## Material provided
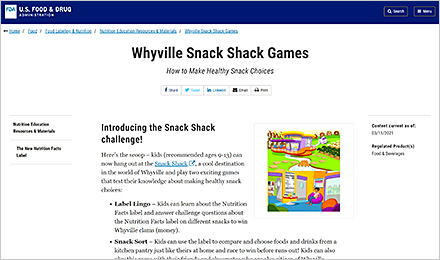 Whyville Snack Shack Games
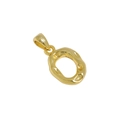 Irregular textured S925 sterling silver gold-plated pendant necklace with S925 hallmark - Letter O Necklace
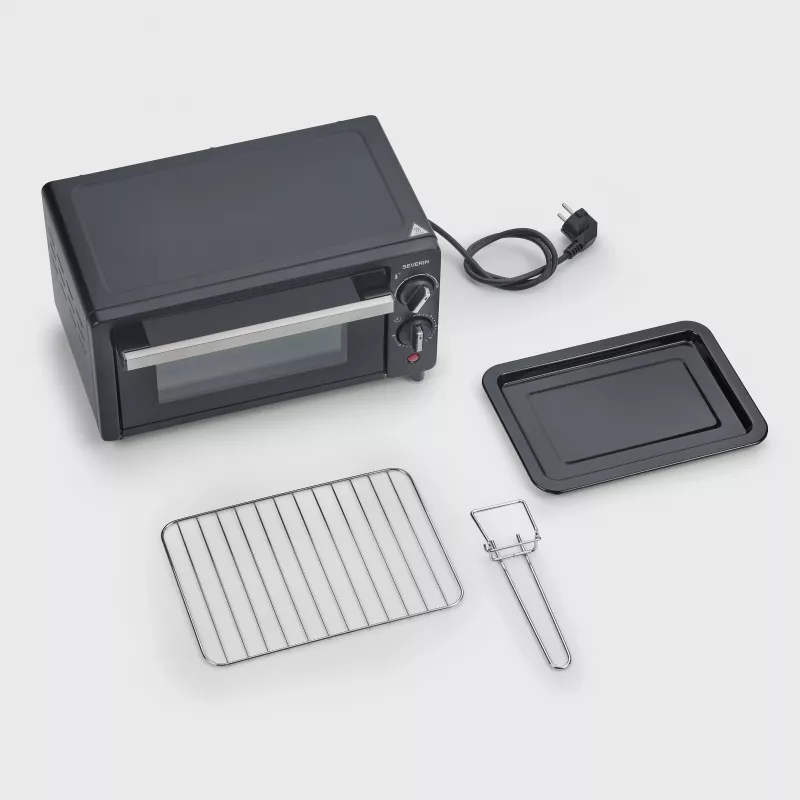 Severin TO 2062 Mini-Backofen, 9 L, 800 W, mit Rotisserie, Gebürsteter Edelstahl/Schwarz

## What to work on
Skip the images and write out the rest of the listing exactly.

## Response area
 Whyville Snack Shack Games
 Irregular textured S925 sterling silver gold-plated pendant necklace with S925 hallmark - Letter O Necklace
 Severin TO 2062 Mini-Backofen, 9 L, 800 W, mit Rotisserie, Gebürsteter Edelstahl/Schwarz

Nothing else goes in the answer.